Verdict: I'm selling the Echo and keeping the TBAAM. Here's how I got there:
Equipment: lame 192vbr mp3>Foobar>Echo/TBAAM>Go Vibe V5 w. 18v power supply>Koss A250/HOK 80-2 orthodynamics. These are both extremely fast and detailed headphones, with the difference that one is very easy to drive and the other very difficult. (see amping section below)
Music: 18 tracks selected from 1000 highly varied albums to test different aspects of headphone performance: bass, mids, treble, soundstage, instrument separation, transient response/speed, PRAT, detail resolution, and ability to handle poor recordings.
Observations
Echo Indigo Typical New Price Shipped: $120-150
Perhaps the Echo is merely biased more for use as a speaker source than for headphones. It presents a very forward treble, with good separation and good soundstage, but with a crisp sound, almost to the point of being harsh. Its bass response is surprisingly weak. Clarity and detail were good, but still not up to the level of an old cd player. But somehow, the echo was always lacking: though I could appreciate its strong points, they never really engaged my interest in the music.

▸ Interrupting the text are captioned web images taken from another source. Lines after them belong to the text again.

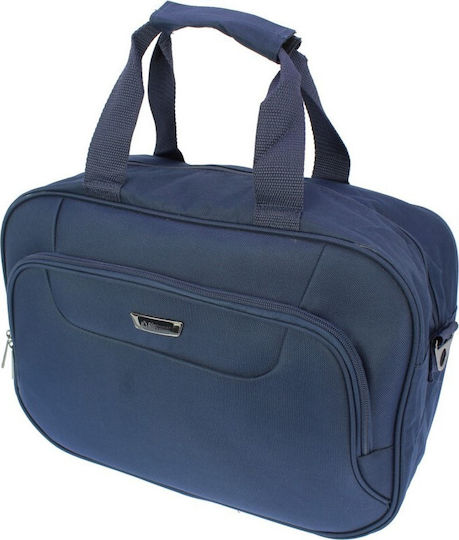 Diplomat Sack Voyage 15lt Blue Fabric L40xW15xH28cm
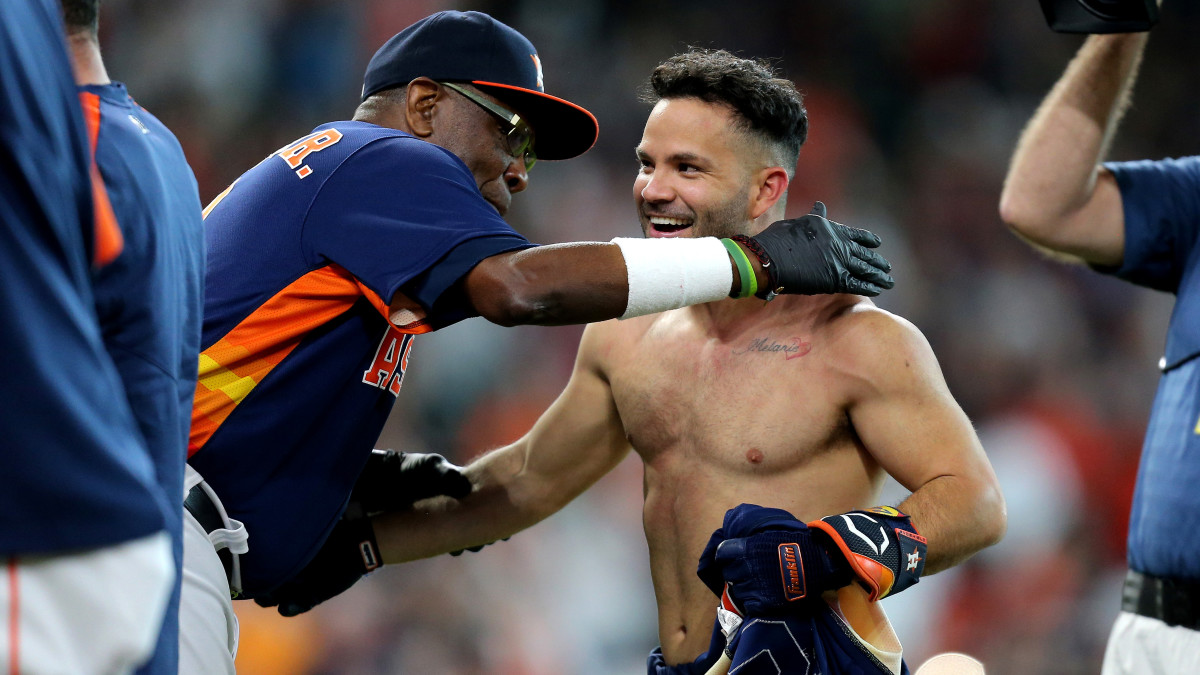 Astros Cheating in 2019 ALCS? Don't Rip My Shirt! - José Altuve 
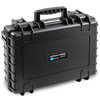 B&W Outdoor Case Typ 5040,  Leer,  Schwarz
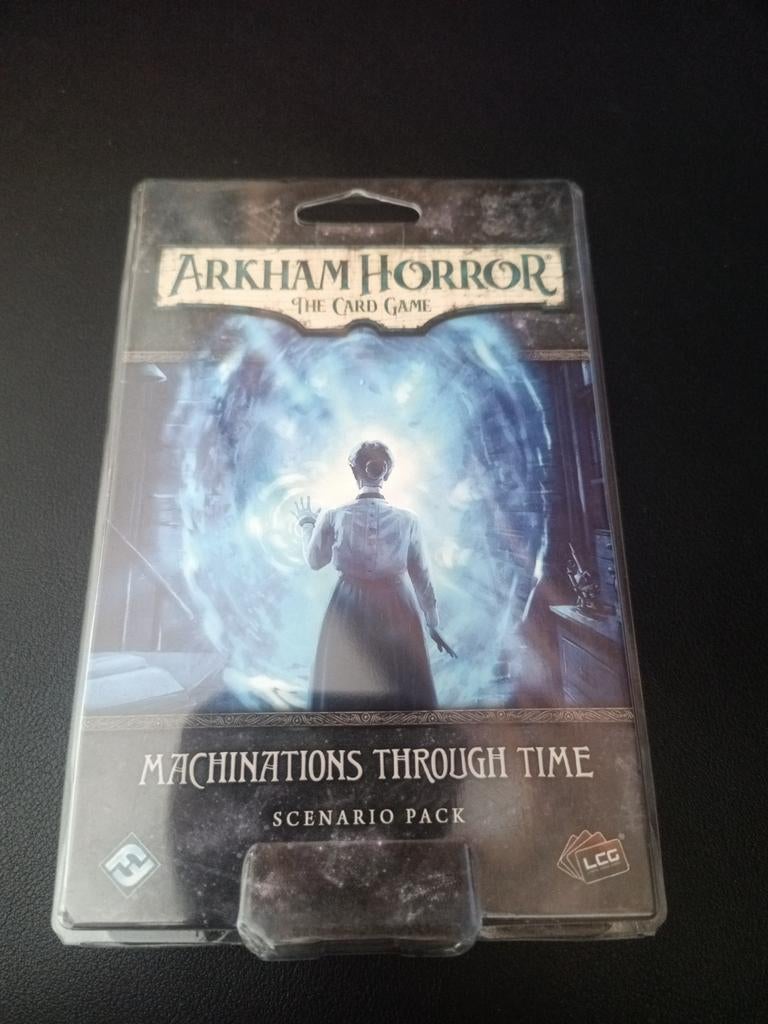 Arkham Horror Machinations Through Time, Vanaf 16 jaar, Ophalen of Verzenden, Nieuw in verpakking, Overige genres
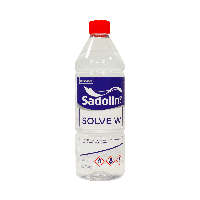 Растворитель (уайт-спирит) Sadolin Solve W для алкидных лаков и красок, бесцветный, 1 л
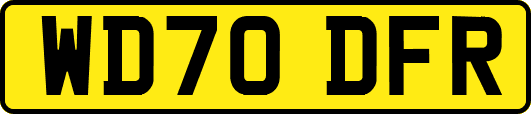 WD70DFR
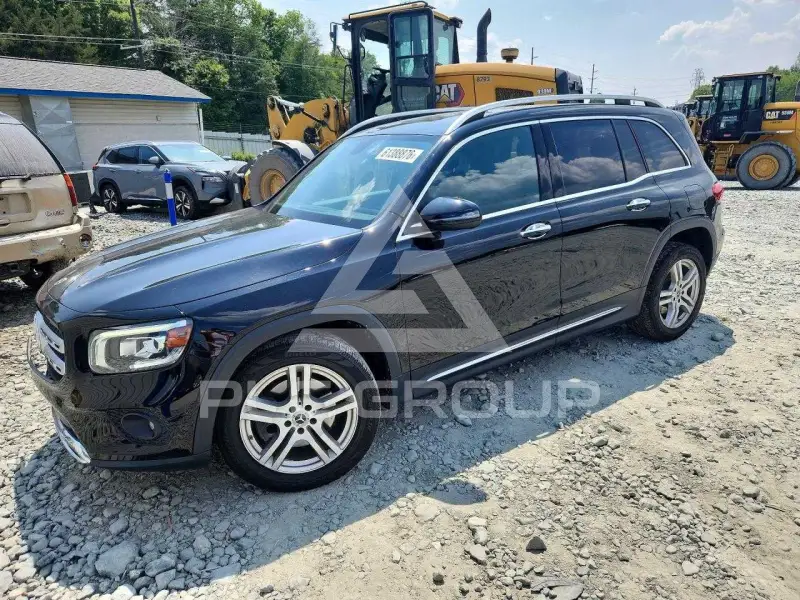 2020 Mercedes Benz GLB фото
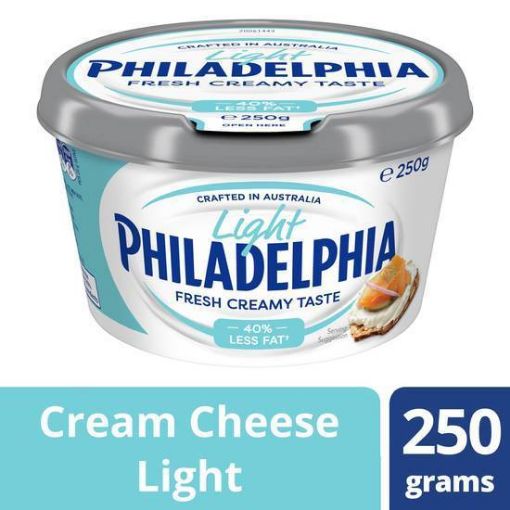 Picture of Philadelphia Cream Cheese Spread Light 250G
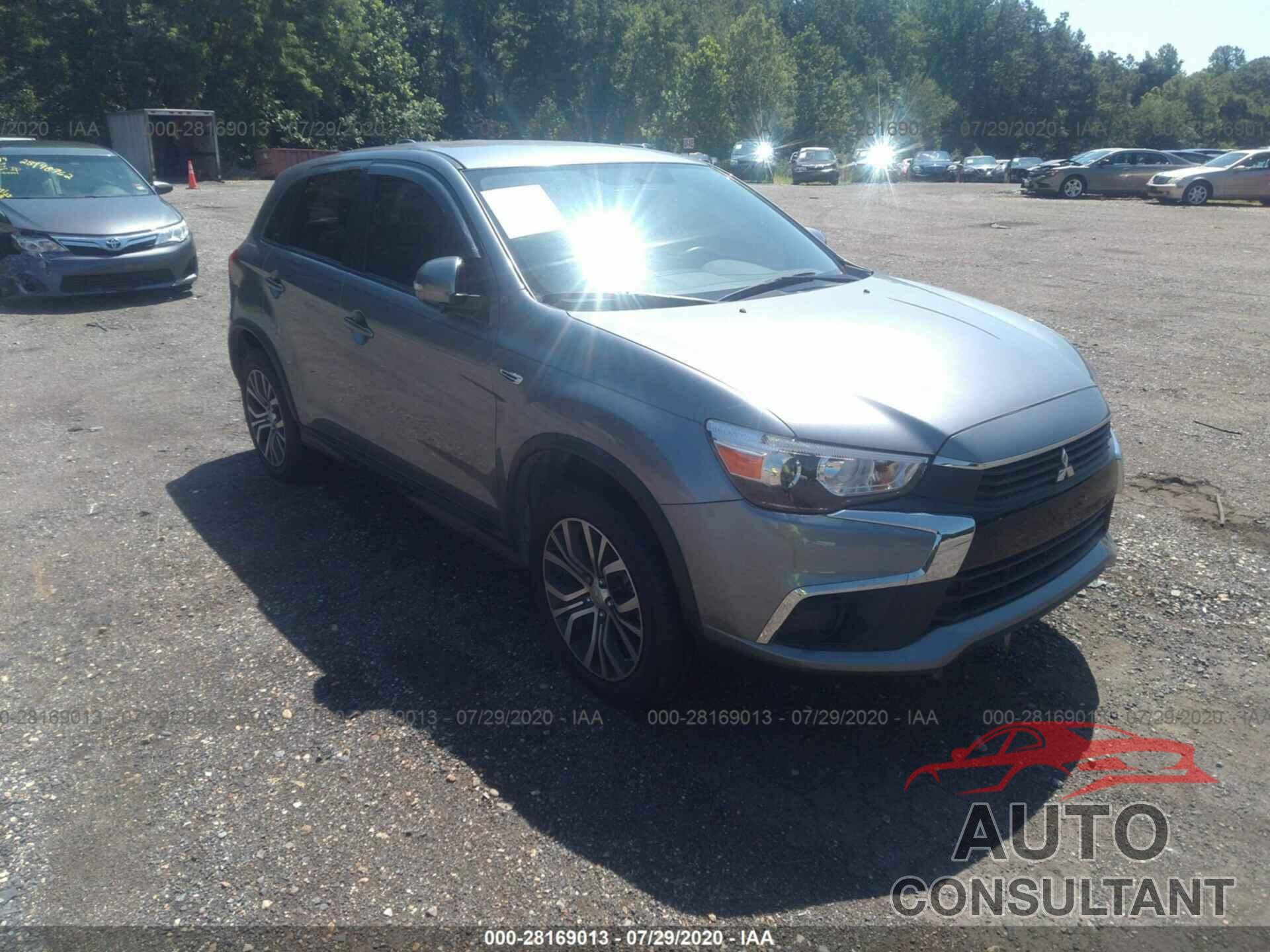 MITSUBISHI OUTLANDER SPORT 2017 - JA4AP3AU9HZ022146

EDIT: the noise in the signal previously mentioned here was actually a red herring from a poorly-mastered recording, sorry to mislead. In fact, both cards produce satisfactorily low noise.

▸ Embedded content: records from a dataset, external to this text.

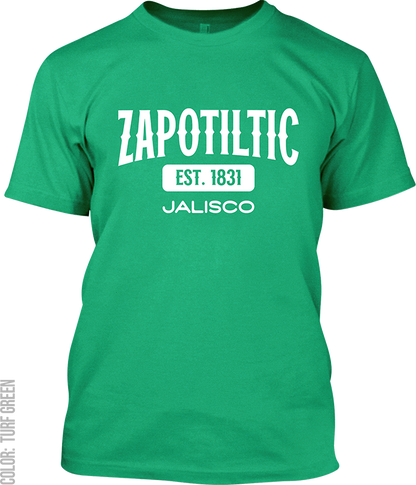 Zapotiltic, Jalisco Athletic T-Shirt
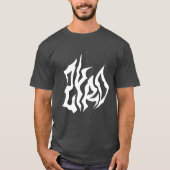 White Gothic Style T-Shirt (Devant)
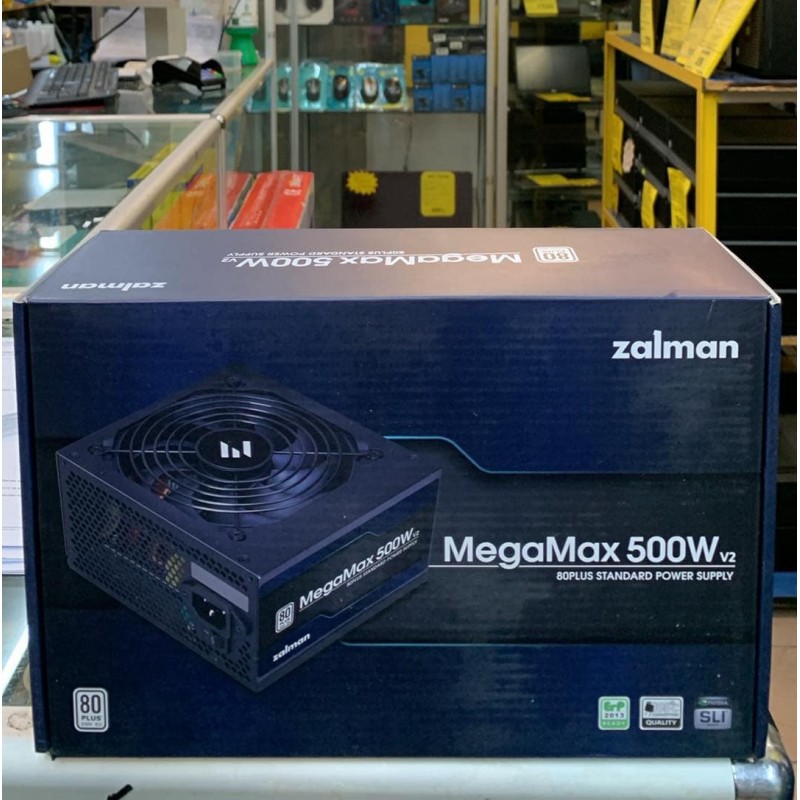 ZALMAN - MegaMax 500W V2 (80Plus 230V EU) (ZM500-TXIIV2)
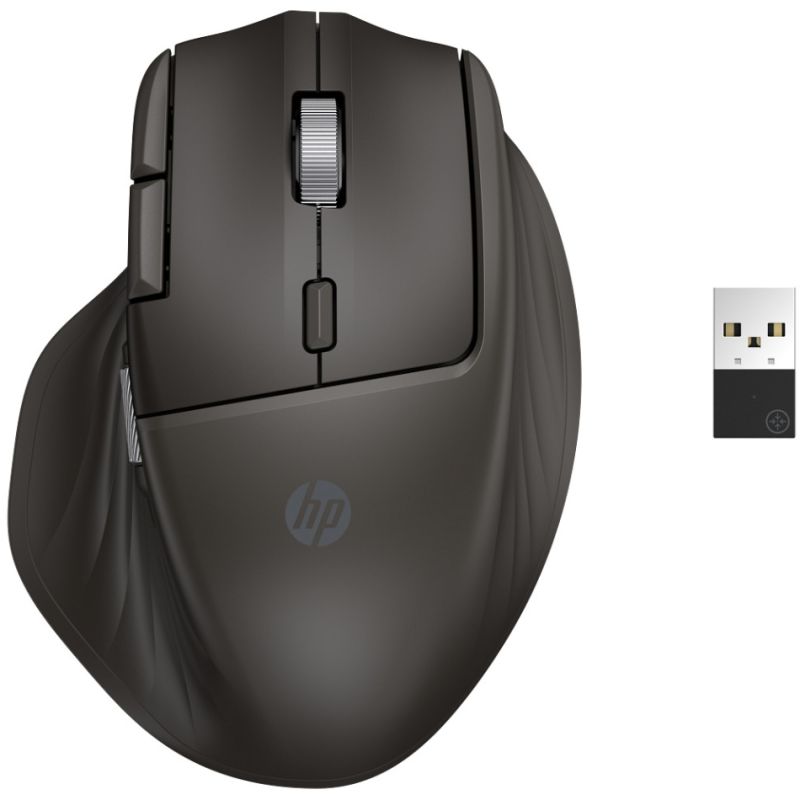 Мишка бездротова HP 780M Ultra-Fast-Scroll, 6 кн., 6000 dpi чорна (B8YX3AA)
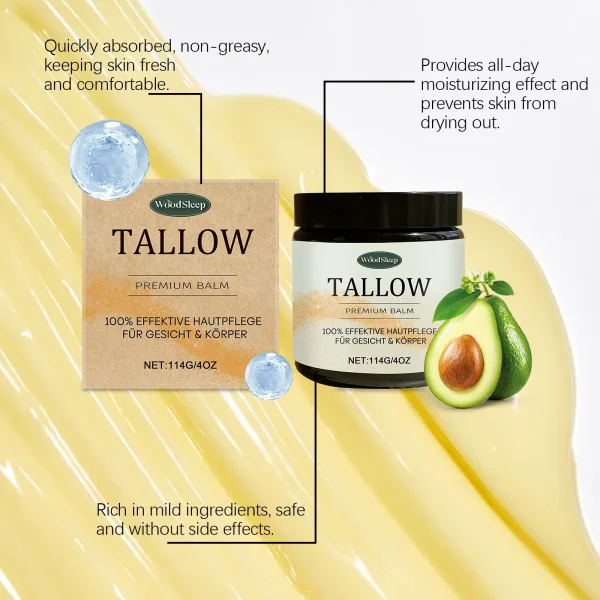 Tallow Deep Hydrating Body Lotion - Image 7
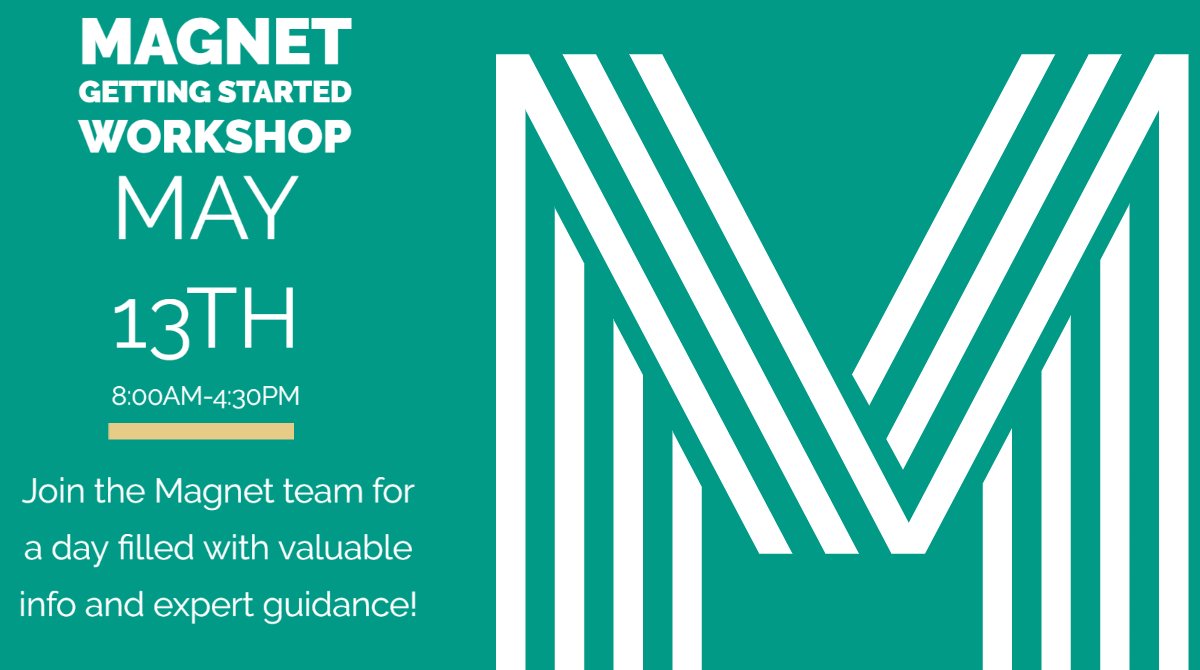 anccofficial's tweet photo. Interested in #Magnet? Heading to #PathwayCon this year? Then this workshop is a great way to "get started"! Learn more: https://t.co/Qq3lJWsuzX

TBAAM Typical New Price Shipped: $25-35
To my ears, the turtle beach is simply more musical sounding than the Echo. It has a much greater bass presence that is very nearly as well-resolved as the Echo's, and though it has a relatively slightly muddy detail in the highs and mids, it is nevertheless more pleasing in the way it presents them, perhaps slightly less analytical but with a much fuller sound. At first I thought this was just a case of the Echo being flat and the TBAAM being colored in a way I'd grown used to, but on going back and forth, I realized that they are both colored, just in different directions. The TBAAM is for me simply the more musical choice, even apart from the fact that it costs a quarter the price.
To Amp or not to Amp?
I tried both soundcards amped and unamped with both my Koss A250 and my HOK 80-2 orthodynamics-- two extremely capable headphones, one of which can be driven unamped by an mp3 player, the other needing serious amping to sound its best (it can even be driven directly from speaker outs!). First, what should be obvious: with the less sensitive headphones, the amp made a vast difference and was more or less indispensible. What you might not have guessed is that the TBAAM could handle them better alone than the Echo, which started seriously distorting the bass at a moderate volume. I don't know how many volts go to a cardbus slot, but apparently not as many as USB's 5 volts.
With the more sensitive headphones, however, the difference between amped and unamped sound narrowed. But once again the TBAAM showed itself the more capable device. With it, the amp was almost negligible: there were slight differences, but not clearly an improvement. Of course, I'm using a very cheap amp, a Go-Vibe V5, so another amp with a more sympathetic signature might well have made a bigger difference. With the Echo, the amp made a definite but not a drastic improvement. For someone with a laptop, I'd say it was a better idea to spend $30 on a TBAAM (or even $10 on a generic usb soundcard) than $55 on a cheap amp.
Now what? If the Echo doesn't amount to the upgrade I was hoping for, I still want to move up from the TBAAM. So where do I look? Will a Silverstone EB-01 give me the more cdp-like sound I'm looking for? I hesitate to move up to something like a Zhaolu, which will kill my portability, kind of important as I live both in Berlin and Boston. Any ideas, kids?